Document Grounding
Introduction
This guide provides examples on how to manage data in SAP Document Grounding. It's divided into two main sections: Data Ingestion and Data Retrieval.
All classes under any of the ...model
packages are generated from an OpenAPI specification and marked as @Beta
.
This means that these model classes are not guaranteed to be stable and may change with future releases.
They are safe to use, but may require updates even in minor releases.
Prerequisites
Before using the Document Grounding module, ensure that you have met all the general requirements outlined in the overview. Additionally, include the necessary Maven dependency in your project.
Maven Dependencies
Add the following dependency to your pom.xml
file:
<dependency>
<groupId>com.sap.ai.sdk</groupId>
<artifactId>document-grounding</artifactId>
<version>${ai-sdk.version}</version>
</dependency>
See an example pom in our Spring Boot application
Usage
In addition to the prerequisites above, we assume you have already set up the following to carry out the examples in this guide:
- A running instance of SAP AI Core with correctly setup credentials, including a resource group id.
Data Ingestion
The following APIs are available for data ingestion: Pipeline and Vector.
Pipeline API
Consider the following code sample to read pipelines, create a new one and get its status:
var api = new GroundingClient().pipelines();
var resourceGroupId = "default";
// get all pipelines
Pipelines pipelines = api.getAllPipelines(resourceGroupId);
// create new pipeline
var type = "MSSharePoint"; // or "S3" or "SFTP"
var pipelineSecret = "my-secret-name";
var config = PipelinePostRequstConfiguration.create().destination(pipelineSecret);
var request = PipelinePostRequst.create().type(type)._configuration(config);
PipelineId pipeline = api.createPipeline(resourceGroupId, request);
// get pipeline status
PipelineStatus status = api.getPipelineStatus(resourceGroupId, pipeline.getPipelineId());
Vector API
var api = new GroundingClient().vector();
var resourceGroupId = "default";
// resolve collection id
var collectionId = UUID.fromString("12345-123-123-123-0123456abcdef");
var request = DocumentCreateRequest.create()
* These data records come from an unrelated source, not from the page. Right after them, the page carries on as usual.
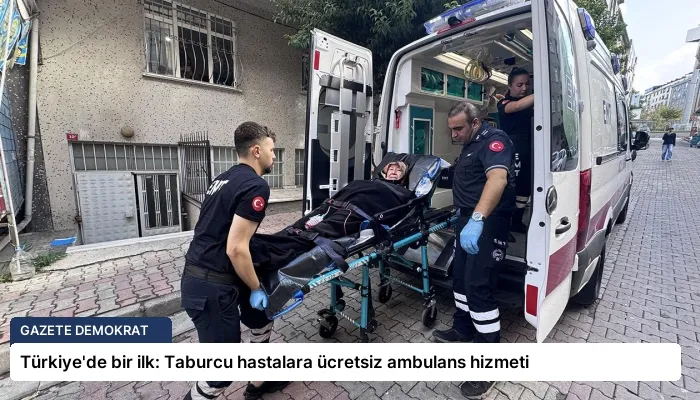 Türkiye’de bir ilk: Taburcu hastalara ücretsiz ambulans hizmeti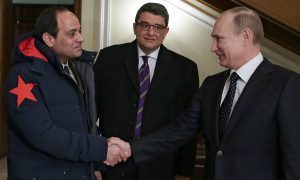Abdel Fatah al-Sisi meets Vladmir Putin 13/2/14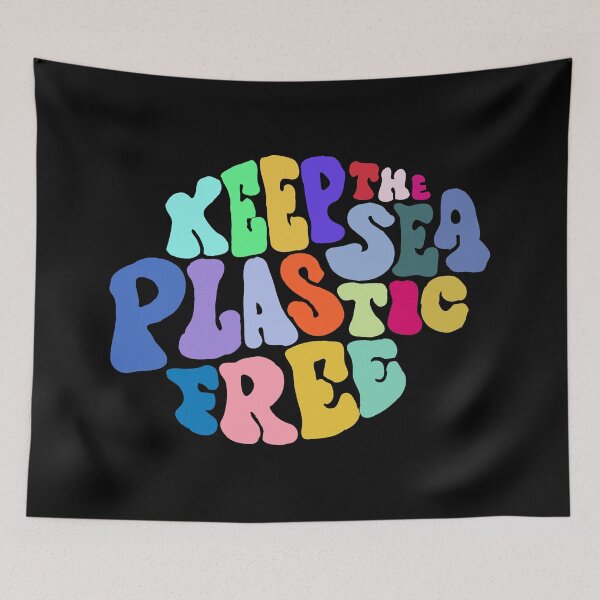 Item preview, Keep The Sea Plastic Free Cool Design designed and sold by Climactify.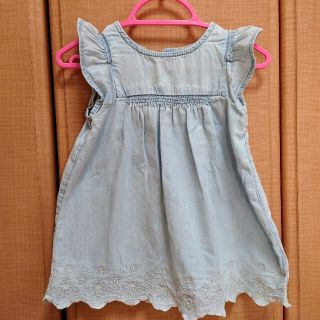 ベビーギャップ(babyGAP)のギャップ　デニムワンピース　パンツ付(ワンピース)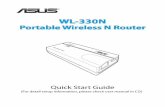 WL-330N Portable Wireless N Router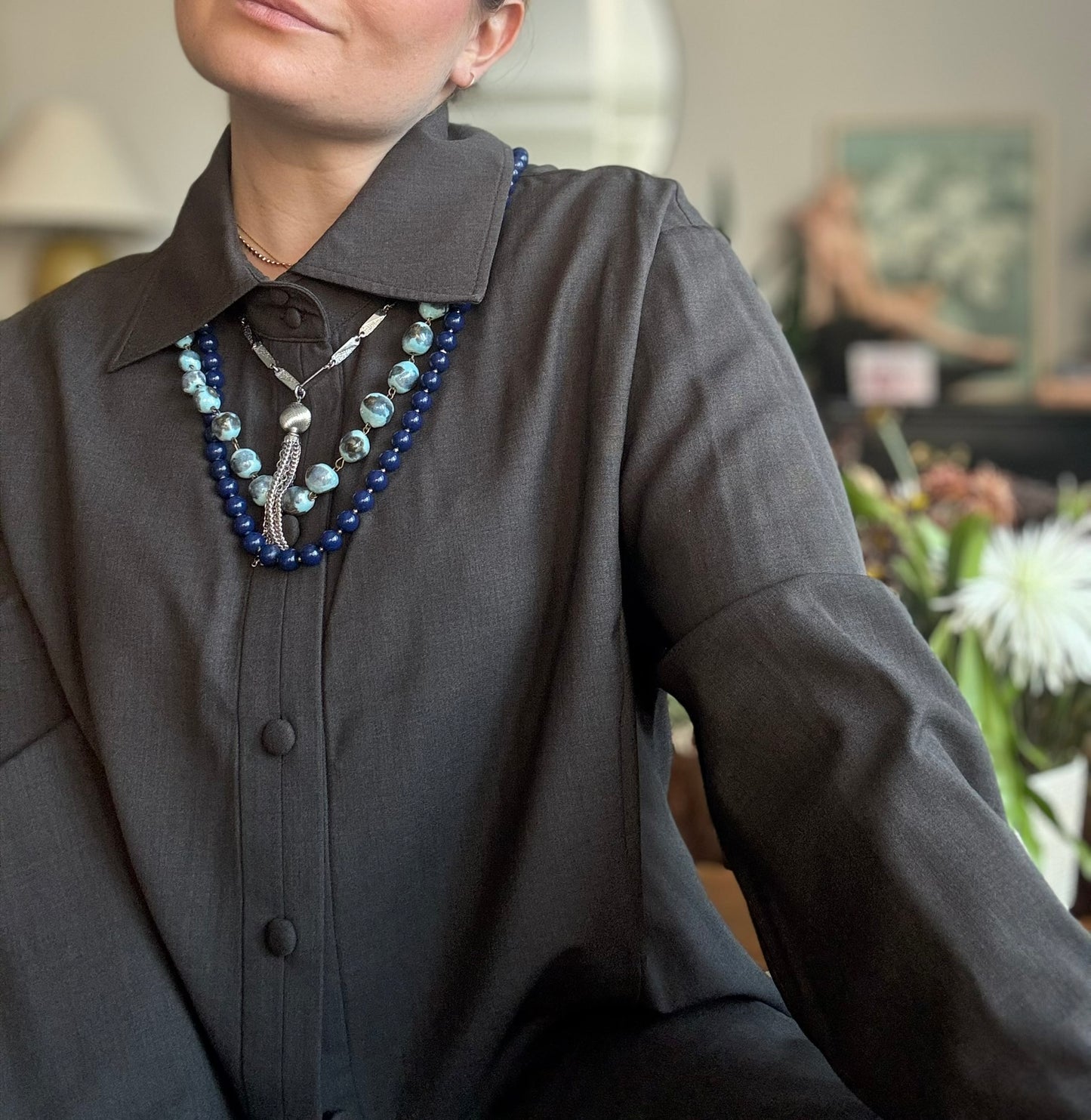 Vintage Allard Ellen Tracy Button Down Blouse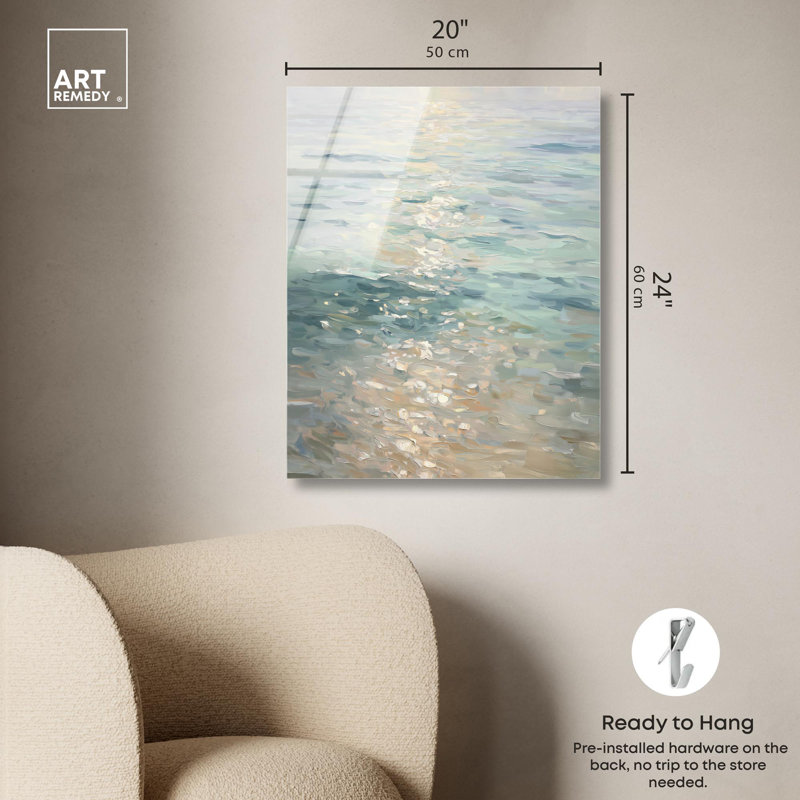 Impression sur acrylique Sea Sunset Coastal Decor par Art Remedy, H 24 po x l 20 po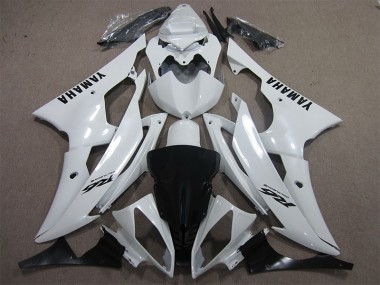 Yamaha R6 2008-2016 - Bianco Nero Decal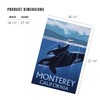 Lantern Press 1000 Piece Jigsaw Puzzle, Monterey, California Orca and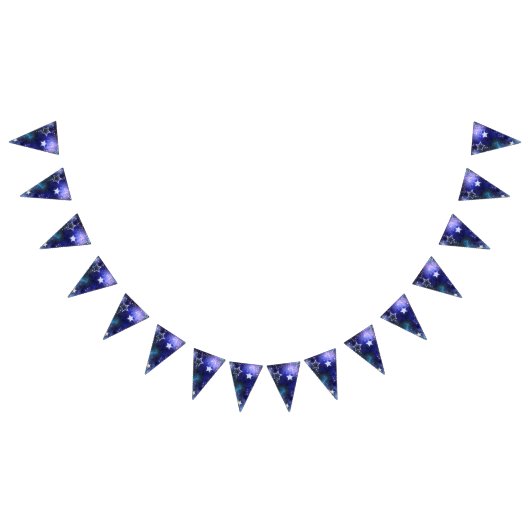 Weltraum-Hintergrund mit Sternen Wimpelkette (Alle)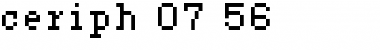 Download ceriph 07_56 Regular Font Title Preview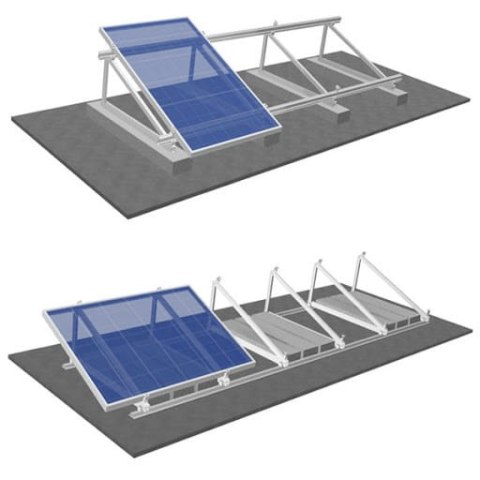 Ekierka / Trójkąt montażowy 15° orientacja pionowa Ekierka / Trójkąt montażowy 15° orientacja pionowa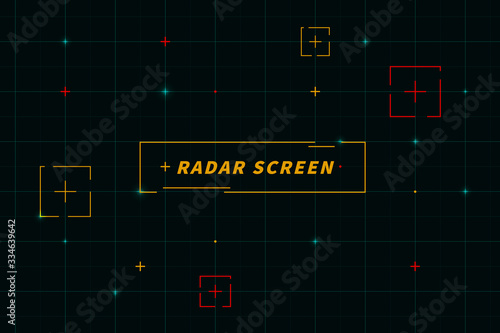 grid for virtual futuristic interface HUD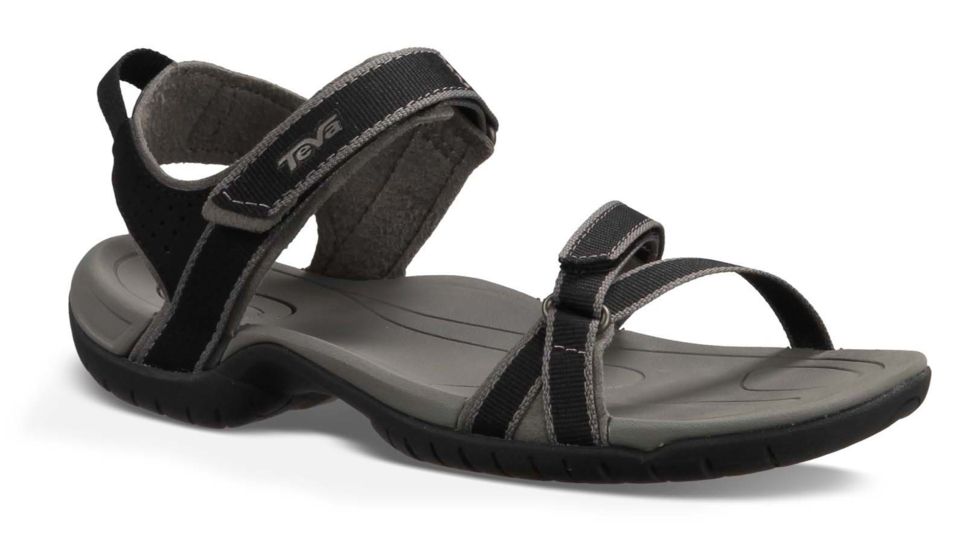 Teva Verra Womens Sandals, Black, 6 US, 1006263-BLK-6 US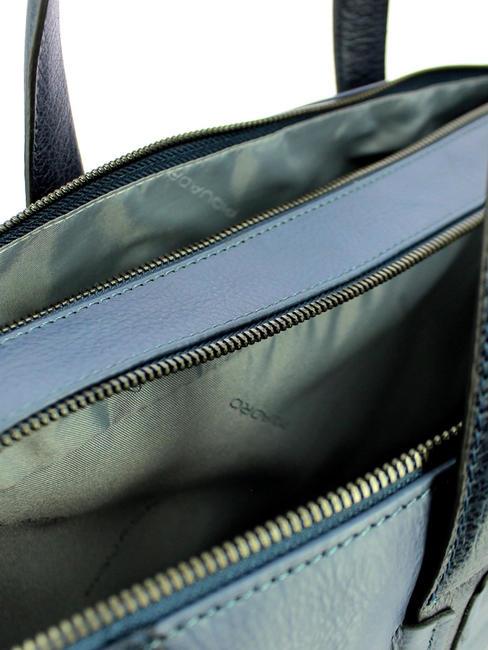 CAMPIONARIO - PAN  Cartella porta PC 15,6" in pelle avio - Cartelle Lavoro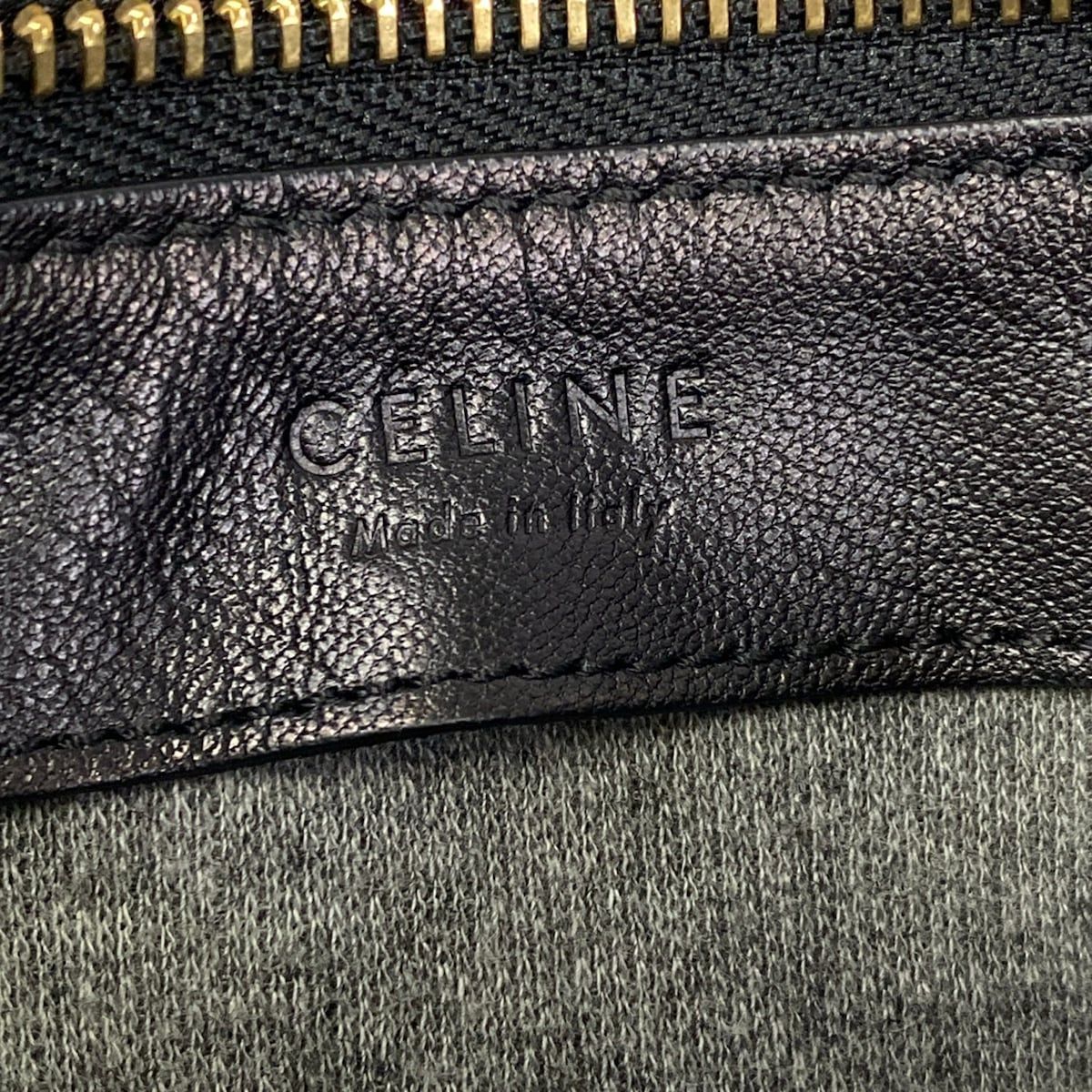 Celine Shoulder Bag Trio Large Black Lambskin — view 9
.documents(BaseDocument.create()
.chunks(TextOnlyBaseChunk.create()
.content("The dog makes _woof_")
.metadata(KeyValueListPair.create()
.key("animal").value("dog")))
.metadata(DocumentKeyValueListPair.create()
.key("topic").value("sound")));
DocumentsListResponse response = api.createDocuments(resourceGroupId, collectionId, request);
Refer to the DeploymentController.java in our Spring Boot application for a complete example.
Data Retrieval
The following APIs are available for data retrieval: Retrieval and Orchestration.
Retrieval API
Consider the following code sample to search for relevant document grounding data based on a query:
var api = new GroundingClient().retrieval();
var resourceGroupId = "default";
var filter =
RetrievalSearchFilter.create()
.id("question")
.dataRepositoryType(DataRepositoryType.VECTOR)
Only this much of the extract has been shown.